> **WORK TO BE COMPLETED**: Among the records that follow, set down only the lines from the one containing "Carter's Other - *NEW*" to the one containing "a.n.a. Floral Blouse - Thumbnail 8", both included, exactly.

> **PROVIDED DATA**:

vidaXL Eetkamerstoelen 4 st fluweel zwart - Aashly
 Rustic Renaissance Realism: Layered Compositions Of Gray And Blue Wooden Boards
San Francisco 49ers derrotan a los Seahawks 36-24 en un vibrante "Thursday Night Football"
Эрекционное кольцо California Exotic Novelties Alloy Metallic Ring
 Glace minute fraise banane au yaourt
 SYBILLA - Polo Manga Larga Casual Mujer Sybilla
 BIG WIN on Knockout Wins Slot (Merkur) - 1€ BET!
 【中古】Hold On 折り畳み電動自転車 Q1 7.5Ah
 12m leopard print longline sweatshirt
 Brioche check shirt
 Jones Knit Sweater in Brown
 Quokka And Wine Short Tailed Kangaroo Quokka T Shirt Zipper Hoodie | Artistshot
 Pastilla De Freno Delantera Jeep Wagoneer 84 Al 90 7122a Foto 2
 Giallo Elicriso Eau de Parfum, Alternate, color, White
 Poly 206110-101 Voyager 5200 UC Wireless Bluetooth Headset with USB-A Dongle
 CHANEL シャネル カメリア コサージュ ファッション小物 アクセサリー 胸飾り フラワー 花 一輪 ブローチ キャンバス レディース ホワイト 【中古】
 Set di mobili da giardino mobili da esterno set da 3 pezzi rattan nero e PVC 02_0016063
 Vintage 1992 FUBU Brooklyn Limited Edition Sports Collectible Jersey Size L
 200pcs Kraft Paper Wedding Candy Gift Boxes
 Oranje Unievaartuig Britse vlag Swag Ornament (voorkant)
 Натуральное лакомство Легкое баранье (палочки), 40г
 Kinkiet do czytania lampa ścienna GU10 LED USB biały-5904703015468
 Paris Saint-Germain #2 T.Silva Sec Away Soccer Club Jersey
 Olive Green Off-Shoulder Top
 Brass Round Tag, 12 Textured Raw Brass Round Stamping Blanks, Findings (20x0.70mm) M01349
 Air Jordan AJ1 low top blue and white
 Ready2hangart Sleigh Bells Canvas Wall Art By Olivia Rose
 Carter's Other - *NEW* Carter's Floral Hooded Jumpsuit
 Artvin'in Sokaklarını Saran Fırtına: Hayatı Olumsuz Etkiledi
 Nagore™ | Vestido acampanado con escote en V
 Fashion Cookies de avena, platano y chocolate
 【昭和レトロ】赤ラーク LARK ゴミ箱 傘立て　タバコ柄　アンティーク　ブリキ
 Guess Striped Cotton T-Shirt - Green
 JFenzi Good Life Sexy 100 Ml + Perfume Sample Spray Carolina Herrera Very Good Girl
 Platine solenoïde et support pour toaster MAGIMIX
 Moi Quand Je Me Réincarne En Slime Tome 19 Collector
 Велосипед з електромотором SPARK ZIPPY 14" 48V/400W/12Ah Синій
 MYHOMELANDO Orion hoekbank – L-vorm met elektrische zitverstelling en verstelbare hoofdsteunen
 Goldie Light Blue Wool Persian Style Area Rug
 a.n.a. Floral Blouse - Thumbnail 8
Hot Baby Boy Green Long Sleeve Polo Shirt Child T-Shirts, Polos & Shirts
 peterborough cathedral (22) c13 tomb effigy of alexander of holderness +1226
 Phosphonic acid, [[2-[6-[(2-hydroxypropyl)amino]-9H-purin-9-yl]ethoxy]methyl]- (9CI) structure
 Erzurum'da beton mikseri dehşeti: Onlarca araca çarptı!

> **EXERCISE OUTPUT**:
 Carter's Other - *NEW* Carter's Floral Hooded Jumpsuit
 Artvin'in Sokaklarını Saran Fırtına: Hayatı Olumsuz Etkiledi
 Nagore™ | Vestido acampanado con escote en V
 Fashion Cookies de avena, platano y chocolate
 【昭和レトロ】赤ラーク LARK ゴミ箱 傘立て　タバコ柄　アンティーク　ブリキ
 Guess Striped Cotton T-Shirt - Green
 JFenzi Good Life Sexy 100 Ml + Perfume Sample Spray Carolina Herrera Very Good Girl
 Platine solenoïde et support pour toaster MAGIMIX
 Moi Quand Je Me Réincarne En Slime Tome 19 Collector
 Велосипед з електромотором SPARK ZIPPY 14" 48V/400W/12Ah Синій
 MYHOMELANDO Orion hoekbank – L-vorm met elektrische zitverstelling en verstelbare hoofdsteunen
 Goldie Light Blue Wool Persian Style Area Rug
 a.n.a. Floral Blouse - Thumbnail 8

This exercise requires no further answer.